【佐賀県】イカの踊り食いの発祥の地と誕生秘話

日本発祥のもの

イカの踊り食い

発祥の地

佐賀県唐津市呼子町

発祥期

1969年(昭和44年)
1973年(昭和48年)

考案者

呼子お魚処「玄海」
河太郎「呼子店」

イカの踊り食いの起源

イカの活き造りをイカそうめんのように刺身にして食べることをイカの踊り食いといい、その発祥は「呼子お魚処 玄海」説と「河太郎 呼子店」説とがあります。

玄界灘の半島にある呼子は漁業が盛んな港町で、かつては捕鯨の町として栄え、その後昭和40年ごろにはタイやヒラメの一本釣りが盛んでした。
大量にいるイカは商品としては漁師に見向きもされないもので、墨で船が汚れることもあり、大物用のエサとして獲る程度だったそうです。
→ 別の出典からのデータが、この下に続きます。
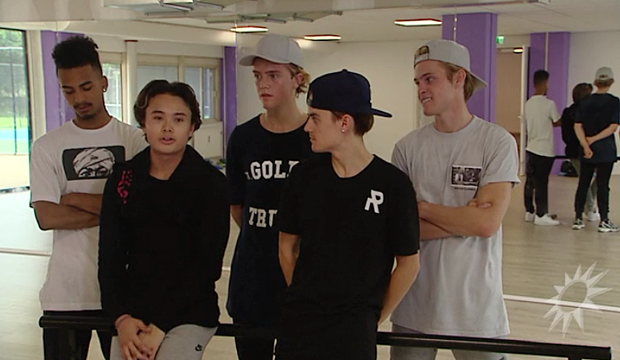 RTLBoulevard's tweet photo. De heren van #BBrave werken zich in 't zweet voor hun tour én... plannen voor een reallifesoap?http://t.co/3hZGINb3Ic http://t.co/1i2f9B8AzA
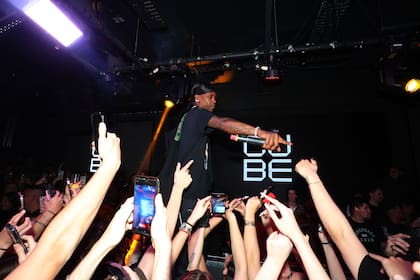 En su regreso a la Argentina y tras un show en el Movistar Arena, este lunes por la noche Travis Scott fue el protagonista de un exclusivo after party en Puerto Madero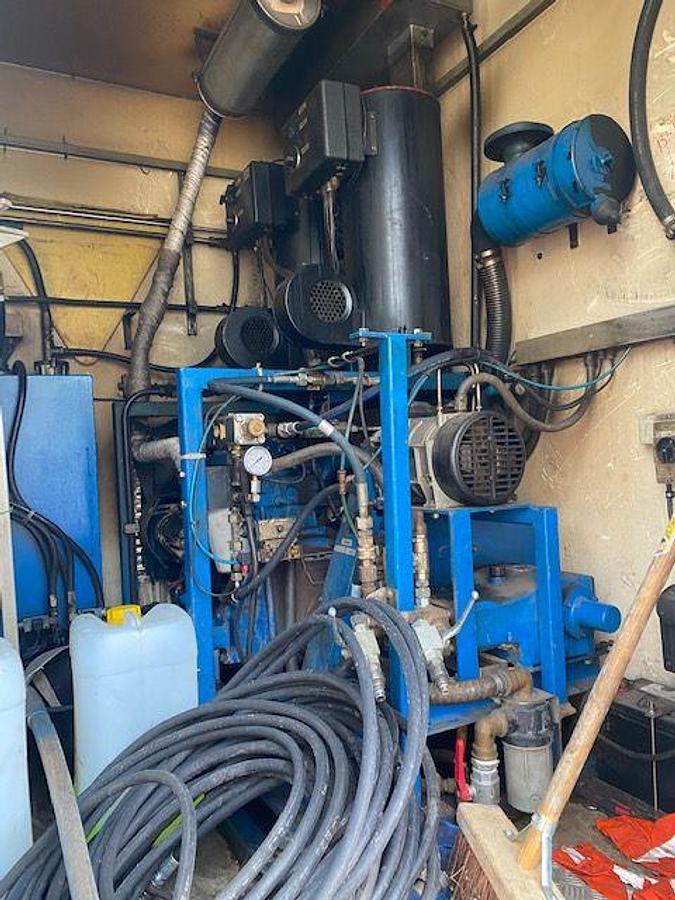 Used 2003 DAF AE45CF met containerreiniger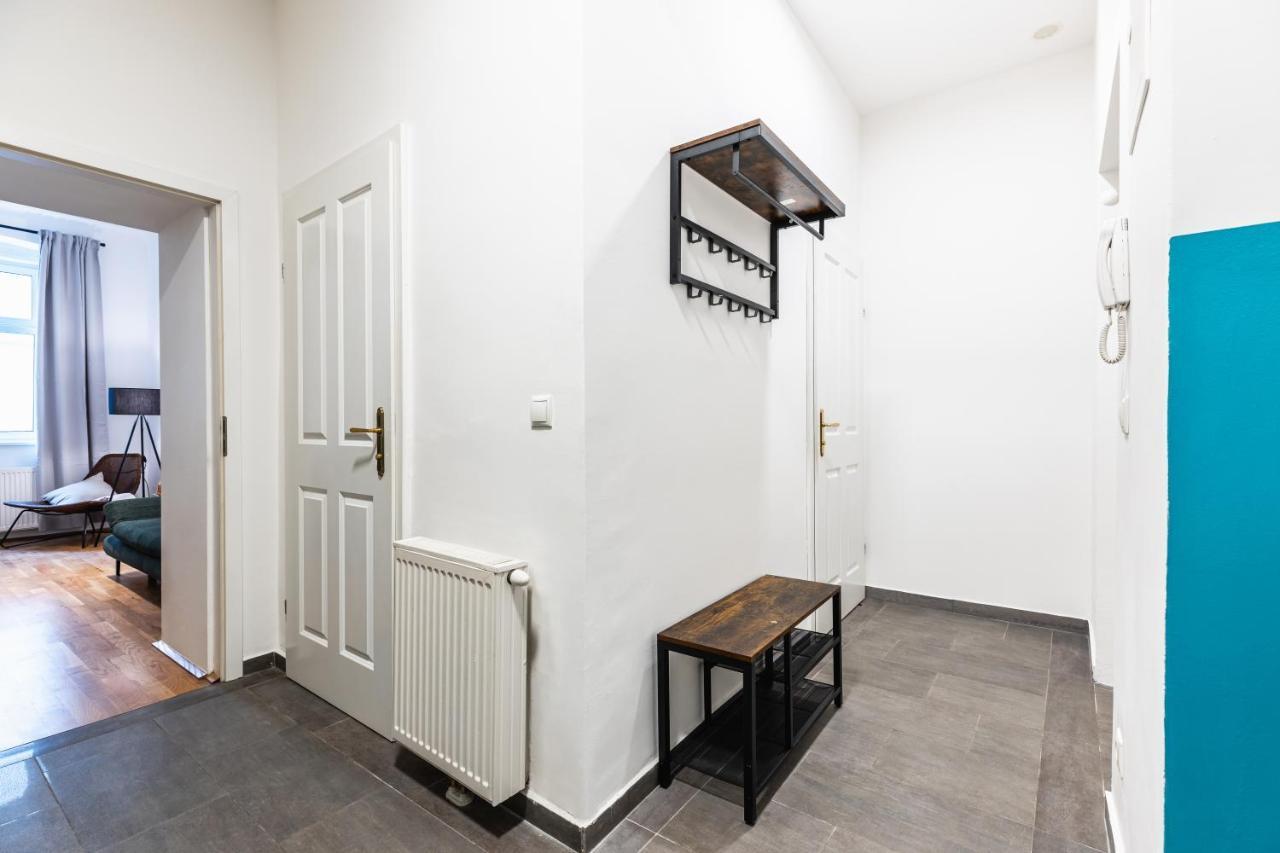 Stylish Designed Apartment In A Calm District ウィーン エクステリア 写真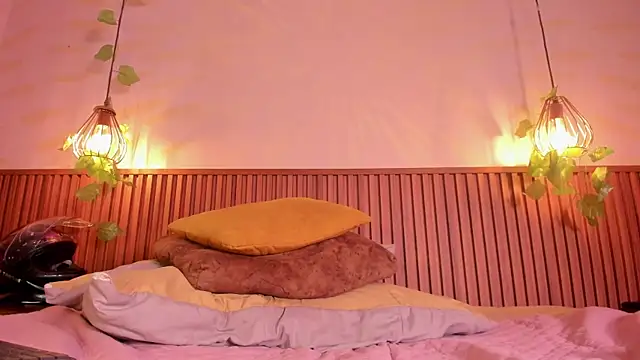 daphne_courtis live sex cam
「呼子お魚処 玄海」説では社長が「イカを生きたまま味わえる活き造りにしてはどうか」と思いついたことがきっかけとされています。
しかし、イカは非常にデリケートで市場に出たものは生きていられません。
そこで、「生きたイカを直接、高値で買い取ります」と漁師に宣言して、獲ってきてもらうことにしました。
活魚の中でも、イカはとても繊細で綺麗な水質を好み、水温にも敏感です。
生きたイカを良い状態で運ぶため、港に戻る船の航行速度、イカをすくう道具にまで気を配ります。
さらに、店では生息する海水と同じ(限りなく近い)環境を保つため、イカが生息している海水を輸送し、浄化した後に温度管理された大きな生簀へ移し、循環させます。
イカはそのまま店内の大きな生簀に入れることにしました。
36°もある人間の手で触ると痛むため、イカに直接触れるのは調理場のみと徹底します。
これらは漁師の協力があってこそできたことなのです。

1969年(昭和44年)にオープンした「お魚処 玄海」では、オーダーが入ってから 店内の生簀(いけす)のイカを調理して提供します。
玄界灘で獲れた鮮度抜群のイカを使った活き造りはとても人気となりました。
その評判から飲食店の関係者も来るようになるとイカの活き造りのやり方を教え、少しずつイカの活き造りを提供する店が増えていくことになります。
イカの活き造りのやり方を教えたなかに、福岡県中州で昭和36年創業の「河太郎」があったとしています。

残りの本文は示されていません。